Elevating Tech Performance with DORA Metrics


We have a strong culture of continuous improvement at AdAction, particularly in the tech department.  Our goal is to be an always-improving team that quickly and efficiently delivers high-quality products. As such we want all of our teams to have the opportunity to improve and perform at the highest level possible.   

However, the path to improvement is invisible without a yardstick to measure progress. For qualitative insights into team health, we’ve embraced the model pioneered by Spotify, utilizing team health checks to identify areas for enhancement at both the team and organizational levels. Yet, the quest for a quantitative measure of performance led us to the DevOps Research and Analytics (DORA) metrics developed by Google.
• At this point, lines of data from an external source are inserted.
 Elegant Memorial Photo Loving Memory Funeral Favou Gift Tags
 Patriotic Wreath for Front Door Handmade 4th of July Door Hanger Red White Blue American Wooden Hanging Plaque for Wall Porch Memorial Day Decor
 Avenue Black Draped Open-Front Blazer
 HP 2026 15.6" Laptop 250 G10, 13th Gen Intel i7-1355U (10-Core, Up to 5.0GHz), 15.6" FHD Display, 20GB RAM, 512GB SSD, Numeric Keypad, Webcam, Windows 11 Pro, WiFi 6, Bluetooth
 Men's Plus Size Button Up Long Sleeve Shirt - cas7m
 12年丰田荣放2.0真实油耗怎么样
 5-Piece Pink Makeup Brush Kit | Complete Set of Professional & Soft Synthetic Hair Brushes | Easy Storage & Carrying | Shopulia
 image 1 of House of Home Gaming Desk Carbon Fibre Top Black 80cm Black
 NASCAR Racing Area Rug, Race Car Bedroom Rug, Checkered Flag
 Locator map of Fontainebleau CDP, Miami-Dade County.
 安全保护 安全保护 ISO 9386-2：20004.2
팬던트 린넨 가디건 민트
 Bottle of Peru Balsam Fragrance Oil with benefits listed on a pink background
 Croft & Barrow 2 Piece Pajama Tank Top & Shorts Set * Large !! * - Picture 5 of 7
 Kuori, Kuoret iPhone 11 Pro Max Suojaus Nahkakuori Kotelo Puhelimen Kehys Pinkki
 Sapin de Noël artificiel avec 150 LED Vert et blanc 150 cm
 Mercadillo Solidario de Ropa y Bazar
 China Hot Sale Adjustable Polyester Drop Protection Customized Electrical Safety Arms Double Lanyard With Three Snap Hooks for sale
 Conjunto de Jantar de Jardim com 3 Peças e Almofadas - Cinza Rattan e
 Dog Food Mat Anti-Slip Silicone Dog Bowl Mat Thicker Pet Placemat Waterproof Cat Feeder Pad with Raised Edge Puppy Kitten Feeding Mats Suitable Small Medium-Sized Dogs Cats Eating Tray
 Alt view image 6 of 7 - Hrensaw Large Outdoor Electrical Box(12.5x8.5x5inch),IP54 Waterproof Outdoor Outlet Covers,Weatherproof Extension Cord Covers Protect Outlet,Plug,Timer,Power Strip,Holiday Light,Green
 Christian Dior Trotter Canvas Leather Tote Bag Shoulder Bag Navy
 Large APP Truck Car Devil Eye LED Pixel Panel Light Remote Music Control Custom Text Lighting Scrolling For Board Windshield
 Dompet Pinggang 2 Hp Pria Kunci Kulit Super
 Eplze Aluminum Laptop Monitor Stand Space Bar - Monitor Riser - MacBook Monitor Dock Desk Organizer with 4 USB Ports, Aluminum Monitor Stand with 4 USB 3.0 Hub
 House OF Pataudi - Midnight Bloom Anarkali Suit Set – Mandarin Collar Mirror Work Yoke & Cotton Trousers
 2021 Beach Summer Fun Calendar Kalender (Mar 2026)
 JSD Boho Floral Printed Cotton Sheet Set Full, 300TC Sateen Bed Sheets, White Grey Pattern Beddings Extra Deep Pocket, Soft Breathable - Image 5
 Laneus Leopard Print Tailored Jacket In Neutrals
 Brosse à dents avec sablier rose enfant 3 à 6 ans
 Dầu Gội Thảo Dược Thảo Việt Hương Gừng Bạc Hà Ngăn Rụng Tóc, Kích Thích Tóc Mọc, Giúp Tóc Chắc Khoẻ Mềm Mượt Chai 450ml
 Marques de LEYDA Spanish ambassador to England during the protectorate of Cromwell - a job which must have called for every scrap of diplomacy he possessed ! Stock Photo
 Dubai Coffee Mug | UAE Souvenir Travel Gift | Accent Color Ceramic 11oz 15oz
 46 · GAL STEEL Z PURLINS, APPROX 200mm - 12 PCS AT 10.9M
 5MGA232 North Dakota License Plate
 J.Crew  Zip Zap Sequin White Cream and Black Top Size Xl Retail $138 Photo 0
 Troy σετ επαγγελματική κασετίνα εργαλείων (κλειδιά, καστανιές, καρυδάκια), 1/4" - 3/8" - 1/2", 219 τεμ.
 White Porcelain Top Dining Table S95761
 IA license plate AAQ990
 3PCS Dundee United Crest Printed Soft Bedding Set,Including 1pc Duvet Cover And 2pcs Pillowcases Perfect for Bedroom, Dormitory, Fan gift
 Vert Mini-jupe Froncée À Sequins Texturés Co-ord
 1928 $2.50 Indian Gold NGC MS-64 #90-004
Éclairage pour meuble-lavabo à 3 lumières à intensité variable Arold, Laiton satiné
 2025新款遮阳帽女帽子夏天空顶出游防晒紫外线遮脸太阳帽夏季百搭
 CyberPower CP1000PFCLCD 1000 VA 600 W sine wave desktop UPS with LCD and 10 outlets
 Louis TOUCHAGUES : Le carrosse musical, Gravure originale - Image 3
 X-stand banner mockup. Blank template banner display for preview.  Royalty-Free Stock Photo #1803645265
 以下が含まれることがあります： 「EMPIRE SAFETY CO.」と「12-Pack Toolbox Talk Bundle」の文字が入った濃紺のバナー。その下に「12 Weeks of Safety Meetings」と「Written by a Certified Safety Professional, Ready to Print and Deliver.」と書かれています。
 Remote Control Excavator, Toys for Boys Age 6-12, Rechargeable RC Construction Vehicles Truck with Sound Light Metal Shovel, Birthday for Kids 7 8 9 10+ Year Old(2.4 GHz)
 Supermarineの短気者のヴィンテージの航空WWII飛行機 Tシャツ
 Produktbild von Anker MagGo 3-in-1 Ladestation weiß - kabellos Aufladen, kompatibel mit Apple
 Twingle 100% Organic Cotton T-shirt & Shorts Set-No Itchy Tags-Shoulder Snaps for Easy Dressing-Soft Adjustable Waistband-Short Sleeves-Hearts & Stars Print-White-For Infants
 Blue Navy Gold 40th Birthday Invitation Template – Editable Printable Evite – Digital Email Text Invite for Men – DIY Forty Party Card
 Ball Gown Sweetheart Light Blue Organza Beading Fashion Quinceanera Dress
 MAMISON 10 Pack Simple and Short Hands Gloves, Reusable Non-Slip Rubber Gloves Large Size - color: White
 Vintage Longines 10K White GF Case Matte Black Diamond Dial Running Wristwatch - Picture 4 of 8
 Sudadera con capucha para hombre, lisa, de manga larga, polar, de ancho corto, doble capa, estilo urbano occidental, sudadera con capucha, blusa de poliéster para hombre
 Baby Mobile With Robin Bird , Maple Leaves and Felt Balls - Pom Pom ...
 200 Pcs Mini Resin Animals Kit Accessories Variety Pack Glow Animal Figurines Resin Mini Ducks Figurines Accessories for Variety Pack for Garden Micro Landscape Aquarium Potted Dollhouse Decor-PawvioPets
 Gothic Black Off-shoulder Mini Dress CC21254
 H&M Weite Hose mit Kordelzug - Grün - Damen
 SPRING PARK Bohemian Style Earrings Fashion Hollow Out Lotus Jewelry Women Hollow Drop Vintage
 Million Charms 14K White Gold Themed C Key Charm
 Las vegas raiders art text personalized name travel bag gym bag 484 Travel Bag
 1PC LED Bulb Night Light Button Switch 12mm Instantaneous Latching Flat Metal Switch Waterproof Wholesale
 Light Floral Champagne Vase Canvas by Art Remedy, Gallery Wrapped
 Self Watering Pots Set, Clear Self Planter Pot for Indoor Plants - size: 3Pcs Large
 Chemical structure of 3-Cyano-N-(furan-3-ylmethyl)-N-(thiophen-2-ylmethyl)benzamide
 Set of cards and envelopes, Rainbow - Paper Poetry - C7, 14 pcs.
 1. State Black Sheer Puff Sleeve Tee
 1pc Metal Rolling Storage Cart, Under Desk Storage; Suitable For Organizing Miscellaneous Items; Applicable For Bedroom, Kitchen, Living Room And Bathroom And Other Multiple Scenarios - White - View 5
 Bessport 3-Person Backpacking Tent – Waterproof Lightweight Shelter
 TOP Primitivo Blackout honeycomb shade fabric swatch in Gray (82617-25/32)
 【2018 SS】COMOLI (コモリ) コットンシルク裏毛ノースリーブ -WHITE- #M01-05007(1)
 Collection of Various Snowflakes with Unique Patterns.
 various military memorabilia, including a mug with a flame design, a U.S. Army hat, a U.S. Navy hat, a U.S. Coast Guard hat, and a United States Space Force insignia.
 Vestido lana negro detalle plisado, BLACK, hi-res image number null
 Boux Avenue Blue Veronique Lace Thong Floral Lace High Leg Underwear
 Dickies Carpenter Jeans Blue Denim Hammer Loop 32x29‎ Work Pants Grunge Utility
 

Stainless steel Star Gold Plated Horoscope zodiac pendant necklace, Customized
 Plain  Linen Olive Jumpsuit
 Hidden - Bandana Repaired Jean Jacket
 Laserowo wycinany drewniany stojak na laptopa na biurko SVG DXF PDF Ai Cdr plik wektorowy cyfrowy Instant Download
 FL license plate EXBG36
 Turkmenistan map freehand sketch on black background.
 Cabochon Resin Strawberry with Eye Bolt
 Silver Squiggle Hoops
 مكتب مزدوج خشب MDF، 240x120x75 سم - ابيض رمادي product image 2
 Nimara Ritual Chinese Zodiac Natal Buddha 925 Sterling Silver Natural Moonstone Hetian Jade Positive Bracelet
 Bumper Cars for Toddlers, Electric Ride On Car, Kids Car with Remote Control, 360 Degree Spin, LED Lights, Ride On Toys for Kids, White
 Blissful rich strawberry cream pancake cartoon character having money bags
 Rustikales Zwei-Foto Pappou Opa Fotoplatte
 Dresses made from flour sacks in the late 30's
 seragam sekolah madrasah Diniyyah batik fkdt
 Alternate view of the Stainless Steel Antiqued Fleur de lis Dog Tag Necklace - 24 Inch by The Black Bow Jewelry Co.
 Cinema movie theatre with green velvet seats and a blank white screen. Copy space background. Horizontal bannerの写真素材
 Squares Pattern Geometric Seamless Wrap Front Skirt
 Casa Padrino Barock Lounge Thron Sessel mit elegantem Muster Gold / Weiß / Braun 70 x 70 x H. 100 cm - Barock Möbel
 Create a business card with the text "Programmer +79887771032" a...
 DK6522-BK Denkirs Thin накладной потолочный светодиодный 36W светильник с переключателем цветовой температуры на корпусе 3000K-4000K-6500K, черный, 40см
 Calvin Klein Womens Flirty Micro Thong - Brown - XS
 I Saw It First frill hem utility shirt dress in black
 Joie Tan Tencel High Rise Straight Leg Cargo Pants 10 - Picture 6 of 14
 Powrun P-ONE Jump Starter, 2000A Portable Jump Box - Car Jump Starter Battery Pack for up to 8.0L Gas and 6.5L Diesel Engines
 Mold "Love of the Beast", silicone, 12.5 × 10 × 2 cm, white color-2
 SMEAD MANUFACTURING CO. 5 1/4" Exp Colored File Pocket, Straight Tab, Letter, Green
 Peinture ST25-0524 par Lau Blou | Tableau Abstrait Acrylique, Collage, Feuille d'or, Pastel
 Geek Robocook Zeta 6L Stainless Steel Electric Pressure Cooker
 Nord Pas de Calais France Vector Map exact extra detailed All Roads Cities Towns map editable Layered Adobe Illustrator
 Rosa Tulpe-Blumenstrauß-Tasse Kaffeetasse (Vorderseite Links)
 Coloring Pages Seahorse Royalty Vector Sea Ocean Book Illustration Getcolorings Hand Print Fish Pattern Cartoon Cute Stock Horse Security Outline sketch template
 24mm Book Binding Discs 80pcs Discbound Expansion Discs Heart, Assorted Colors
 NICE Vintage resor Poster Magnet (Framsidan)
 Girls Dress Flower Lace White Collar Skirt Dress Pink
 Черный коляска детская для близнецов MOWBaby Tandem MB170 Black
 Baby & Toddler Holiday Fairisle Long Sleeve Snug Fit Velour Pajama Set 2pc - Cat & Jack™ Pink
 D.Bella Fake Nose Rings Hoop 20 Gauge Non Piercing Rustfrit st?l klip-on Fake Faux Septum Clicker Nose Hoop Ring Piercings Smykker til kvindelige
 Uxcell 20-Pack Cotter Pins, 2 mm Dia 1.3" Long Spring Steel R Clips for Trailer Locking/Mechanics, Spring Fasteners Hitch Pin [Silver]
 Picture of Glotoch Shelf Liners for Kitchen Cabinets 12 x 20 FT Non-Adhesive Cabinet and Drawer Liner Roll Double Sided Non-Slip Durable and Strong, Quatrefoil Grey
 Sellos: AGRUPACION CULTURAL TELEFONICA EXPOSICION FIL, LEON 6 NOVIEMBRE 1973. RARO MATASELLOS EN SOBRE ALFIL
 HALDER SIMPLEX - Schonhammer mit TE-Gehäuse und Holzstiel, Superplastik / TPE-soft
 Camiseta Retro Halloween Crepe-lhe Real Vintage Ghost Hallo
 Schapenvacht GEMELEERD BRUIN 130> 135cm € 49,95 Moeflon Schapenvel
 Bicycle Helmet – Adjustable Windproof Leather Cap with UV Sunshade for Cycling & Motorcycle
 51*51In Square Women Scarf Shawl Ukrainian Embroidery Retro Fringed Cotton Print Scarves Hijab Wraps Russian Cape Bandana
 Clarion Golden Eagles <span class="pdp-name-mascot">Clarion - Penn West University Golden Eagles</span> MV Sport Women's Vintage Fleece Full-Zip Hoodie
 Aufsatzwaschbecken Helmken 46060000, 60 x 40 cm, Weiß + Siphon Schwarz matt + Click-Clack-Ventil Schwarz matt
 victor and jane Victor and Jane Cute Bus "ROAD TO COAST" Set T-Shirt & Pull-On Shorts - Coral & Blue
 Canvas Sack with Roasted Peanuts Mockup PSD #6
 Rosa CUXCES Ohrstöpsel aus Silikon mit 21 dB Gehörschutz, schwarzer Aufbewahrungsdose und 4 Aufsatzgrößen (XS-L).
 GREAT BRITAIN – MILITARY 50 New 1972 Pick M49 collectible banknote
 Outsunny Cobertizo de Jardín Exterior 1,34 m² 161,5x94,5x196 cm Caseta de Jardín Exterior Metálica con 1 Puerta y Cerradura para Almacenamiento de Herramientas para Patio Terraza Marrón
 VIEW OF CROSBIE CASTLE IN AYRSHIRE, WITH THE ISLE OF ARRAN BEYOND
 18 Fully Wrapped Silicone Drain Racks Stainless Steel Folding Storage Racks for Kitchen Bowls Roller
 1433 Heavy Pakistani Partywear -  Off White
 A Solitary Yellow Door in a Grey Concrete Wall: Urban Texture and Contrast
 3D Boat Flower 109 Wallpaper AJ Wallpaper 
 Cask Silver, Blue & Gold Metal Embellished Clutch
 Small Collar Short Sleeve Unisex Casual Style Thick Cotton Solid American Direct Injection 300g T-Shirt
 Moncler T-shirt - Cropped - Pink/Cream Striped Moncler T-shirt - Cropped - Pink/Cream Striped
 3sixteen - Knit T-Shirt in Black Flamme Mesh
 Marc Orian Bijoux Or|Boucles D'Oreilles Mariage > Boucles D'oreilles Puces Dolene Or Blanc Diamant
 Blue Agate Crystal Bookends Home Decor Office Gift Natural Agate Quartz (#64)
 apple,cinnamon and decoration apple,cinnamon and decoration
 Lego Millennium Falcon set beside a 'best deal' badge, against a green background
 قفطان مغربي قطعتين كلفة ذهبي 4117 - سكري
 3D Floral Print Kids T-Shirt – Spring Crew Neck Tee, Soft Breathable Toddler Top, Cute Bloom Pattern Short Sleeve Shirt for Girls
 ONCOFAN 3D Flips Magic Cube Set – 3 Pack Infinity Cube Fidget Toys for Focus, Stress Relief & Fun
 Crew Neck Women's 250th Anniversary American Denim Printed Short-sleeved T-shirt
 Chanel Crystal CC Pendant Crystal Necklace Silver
Despite their promise, we encountered challenges in calculating and leveraging these metrics effectively.

In this article, we’ll explore our interpretation of the individual DORA metrics, alongside the challenges we encountered in their implementation. For those new to DORA metrics, a practical first step is conducting a quick assessment. We recommend beginning with a straightforward evaluation available at DORA’s Quick Check, which guides you through a series of questions to gauge your current standing.

There are four core metrics that Google initially defined in its original post. They developed these metrics through six years of research and believe the combination of which indicates how well a team is performing (at least as far as DevOps goes). The four metrics are:

  • Deployment Frequency – How often is a team shipping to production?
  • Lead Time for Changes – How long does it take for a commit to make it to production?
  • Change Failure Rate – The percentage of deployments that create a failure in production.
  • Time to Restore Service – How long does it take to recover from a failure in production?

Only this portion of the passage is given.